Copyright ©1997, RF Specialties Group.
Last issue, Bill Turney with our Florida office discussed multipath. We received
comments back from many of you offering good advice. John Wilson with Seiko Communications
made a few good points about transmitter tuning. He also discussed SCA injection
levels, and offered clarification: "73.319 allows for a total of 20 percent SCA
injection, but limits injection to 10 percent for frequencies above 75kHz." Thanks
John. Some of you might be interested in knowing that modern SCA technologies
such as his company’s High Speed Data System (HSDS) allow for increased immunity
to multipath-induced crosstalk by "whitening" the SCA data modulation.
This issue, I will expand on one possible cause for what may sound like multipath: AM noise. How do you measure AM noise accurately? You might say to yourself, "That’s easy. I’ll have someone watch the AM noise at my studio monitor while I adjust the transmitter for an AM noise null." Unfortunately, AM noise cannot be read from a studio monitor with any certainty of accuracy and a monitor located at the transmitter probably will not indicate an accurate AM noise null, either. The detectors for these monitors are located at the end of a coaxial cable rather than at the transmitter output and the VSWR on this cable will corrupt the sample.

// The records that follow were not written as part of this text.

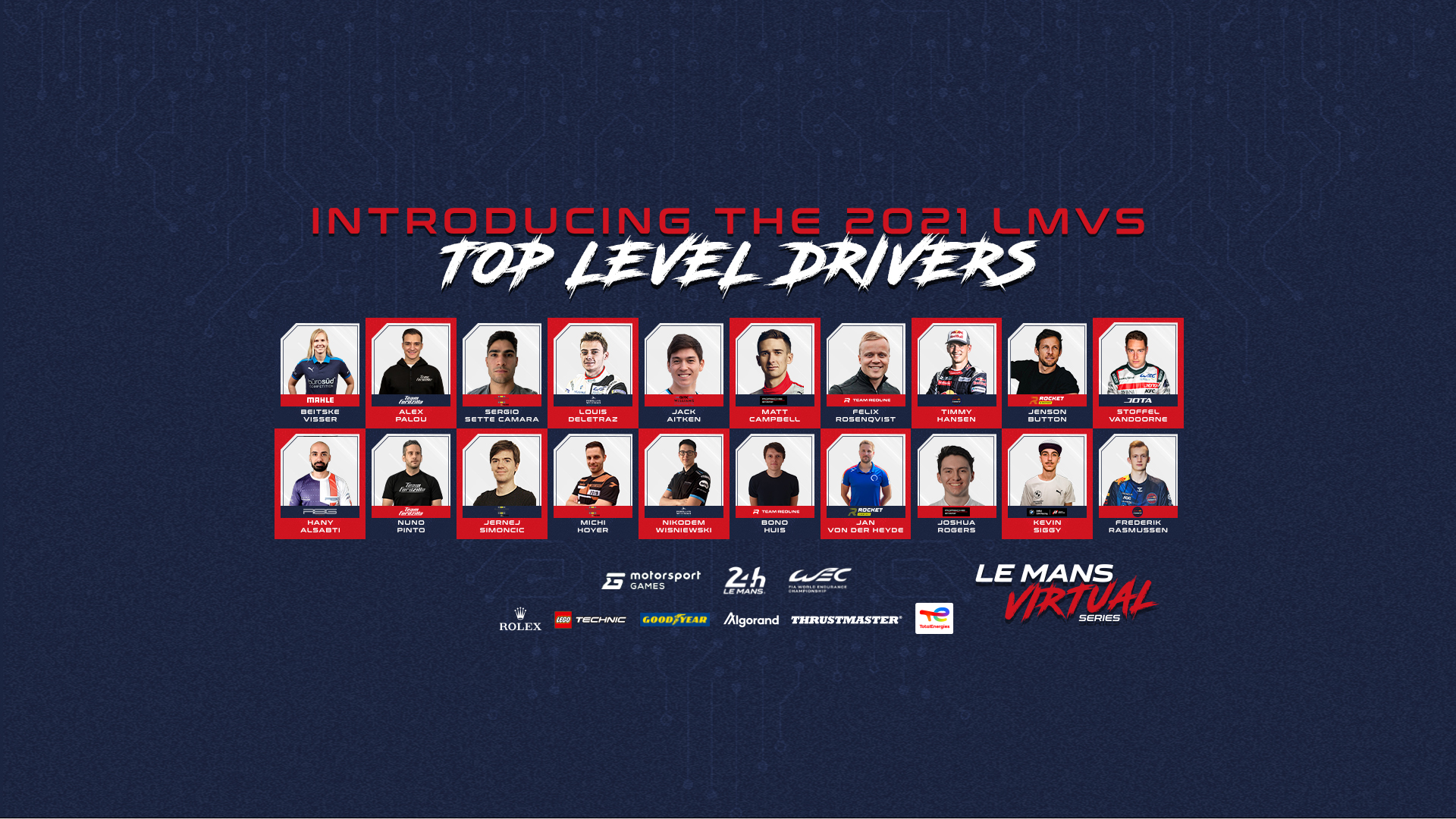 LMV-Top-Drivers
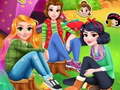 Jeu Camping School Trip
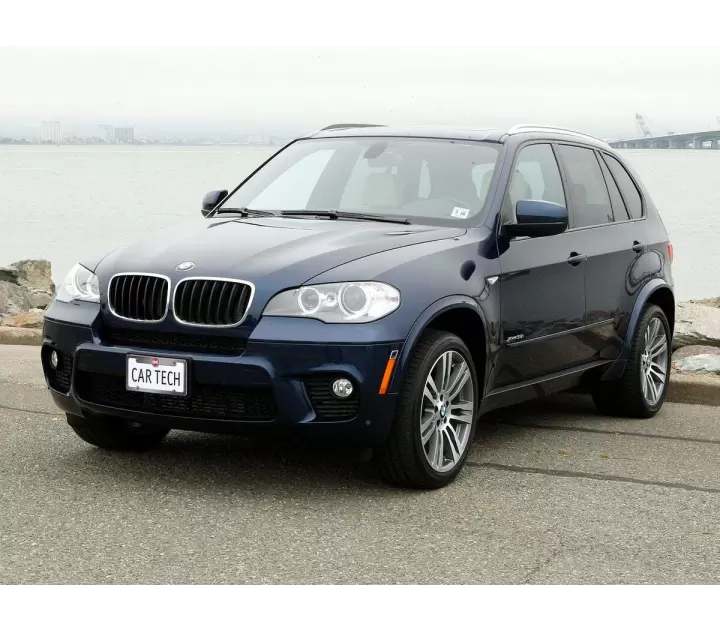 BMW X5 xDrive 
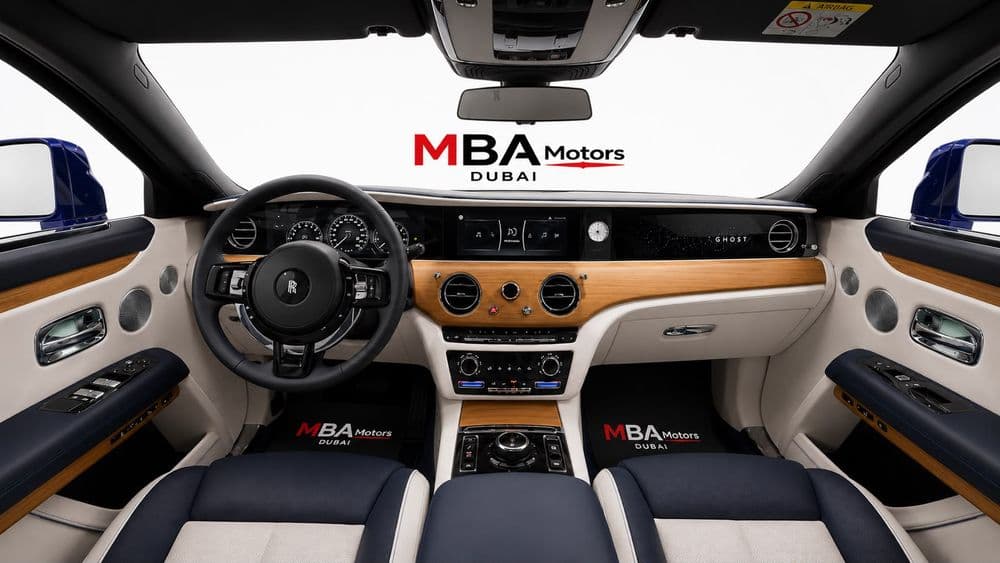 Used Rolls Royce Ghost 2021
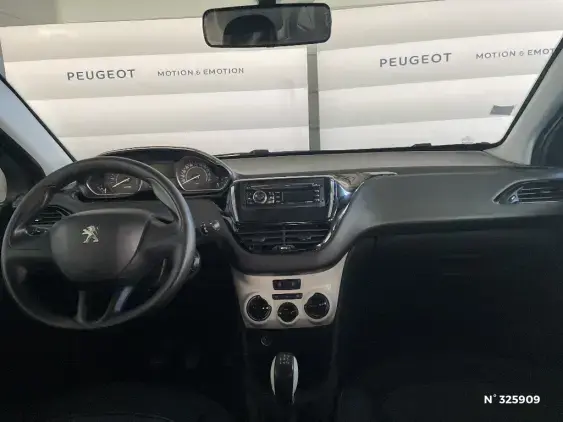 PEUGEOT 208 - voiture d'occasion - Photo 9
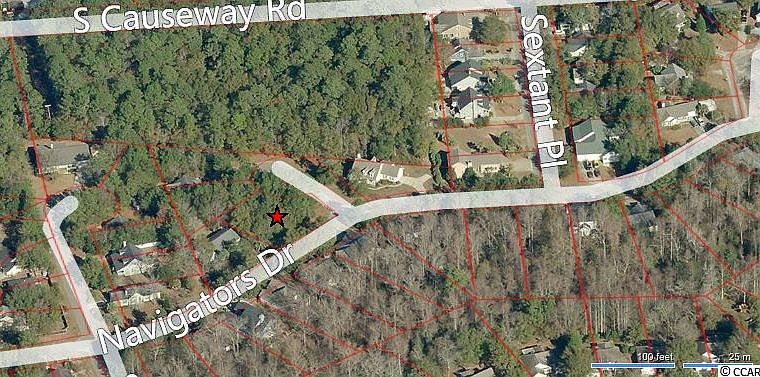 1st image of TBD Cutter Cove Lot 7 Pawleys Landing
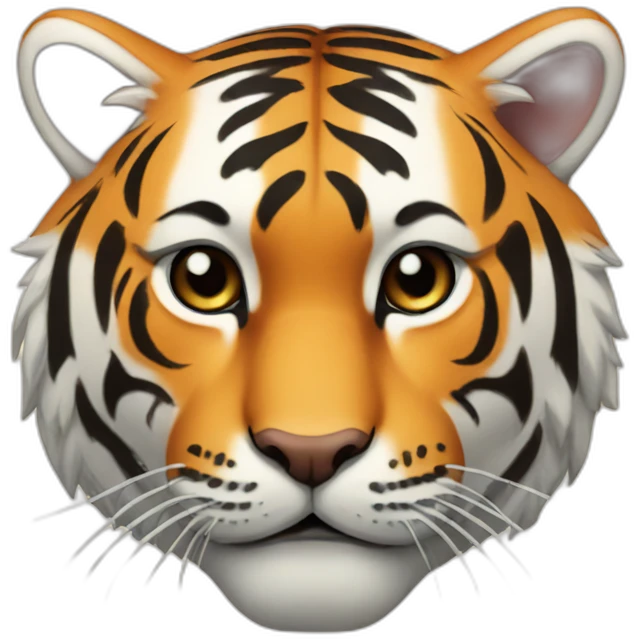 Tiger japan emoji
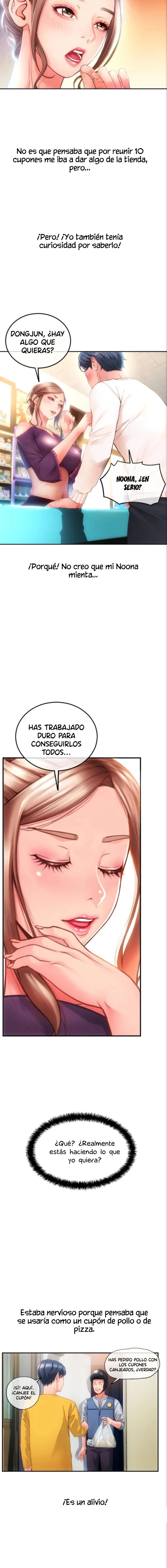 Hole Shop Capítulo 5 - Page 7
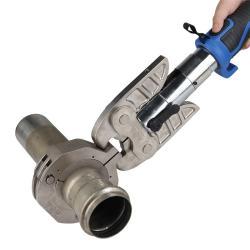 Инструмент для обжима труб на батарейках из нержавеющей стали (арт. 25-19085911)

In order to obtain a clean, accurate reading, the AM noise detector must be located directly at an RF sample port, which must be after the harmonic filter. Radio Design Labs’ ACM-2 AM noise monitor has a detector which is intended to be located external to the monitor, thereby eliminating this problem. Simply add a single-socket line section after the harmonic filter and a Bird sample element. Attach the ACM-2 detector and you are now ready to read, and ultimately reduce, AM noise.